Tuesday, July 31, 2012

Deep Breaths

One day at a time, one day at a time, one day at a time.  I find myself saying these words a lot these days.

Maybe it's because I'm feeling old and am seeking a means to slow down time.  Maybe it's because I'm feeling increasingly anxious lately over the ever-growing list of things I want to do and things I need to do, and things I fear I will never get done.  (Franklin Covey and its prioritized lists be damned!!! I don't feel an endorphin rush for having checked one item off a list of 100).

Many years ago, in BK time (Before Kids), I silently ridiculed acquaintances who lived overscheduled lives, their kids in three different activities every season, who never have time to attend parties because little Johnny has a soccer game.  I still ridicule them, but I realize now how difficult it is, realistically, not to be them.

I want my children to have the opportunity to try things.  I want them to be around other kids and develop strong social skills.  But damn, that takes a lot of friggin' time!

Last year was the first time the girls were really involved in structured activities.  At seven- and eight-years-old, I figured I'd put it off for as long as I could.  M did chorus, year-round swim team, and art classes.  G did gymnastics and Indian Princesses.  So we jumped in with both feet, arms, hands, legs, what have you...  I rationalized.  Chorus was before school one day a week so no big deal.  Gymnastics and art class were both on Tuesday evening, so two birds with one stone.  Year-round swimming was two nights a week and we could pick and choose and it was only for 45 minutes.  Indian Princesses was sporadic - maybe once every two weeks at best.

Ha.

So .... I wasn't crying when M decided to drop swimming after her initial, required three-month commitment.  And I won't deny I did a little dance when G broke her arm at the Spring Outing and had to drop the last month of gymnastics (I filled out that cancellation form faster than a squirrel on crack).

In late May, art classes ended for the season and we had a breather.  In June, summer swim started up  which required practice three- to- four nights a week plus meets every Tuesday evening but it only lasted until mid-July.  And then, I reasoned, we were done and we wouldn't make the same (over)scheduling mistakes again.

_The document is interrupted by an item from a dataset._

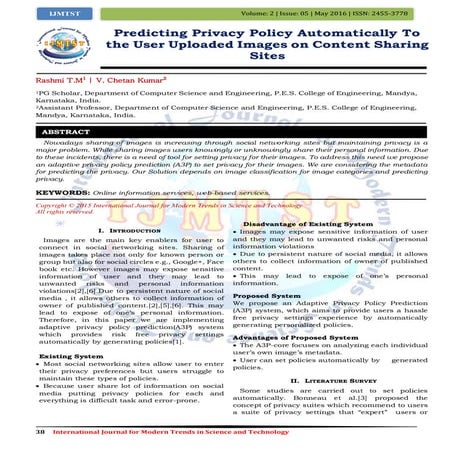 Predicting Privacy Policy Automatically To the User Uploaded Images on Conten...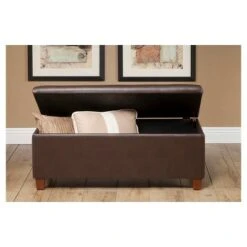 Large Faux Leather Storage Bench Chocolate Brown - HomePop -Ottomans Official Shop unnamed file 8765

Now, here it is, late July and I have found that I am wrong, wrong, wrong!

Here's where it all went awry - I signed up G for gymnastics on Saturday mornings. How smart!  No after-school homework conflicts.  M will be taking art on Thursdays at 4:30 pm (if the instructor ever calls me back but I digress - that's another story) which allows me to drop her off right after school, head to my part-time job, then have her dad pick her up an hour later on his way home from work.  No problem!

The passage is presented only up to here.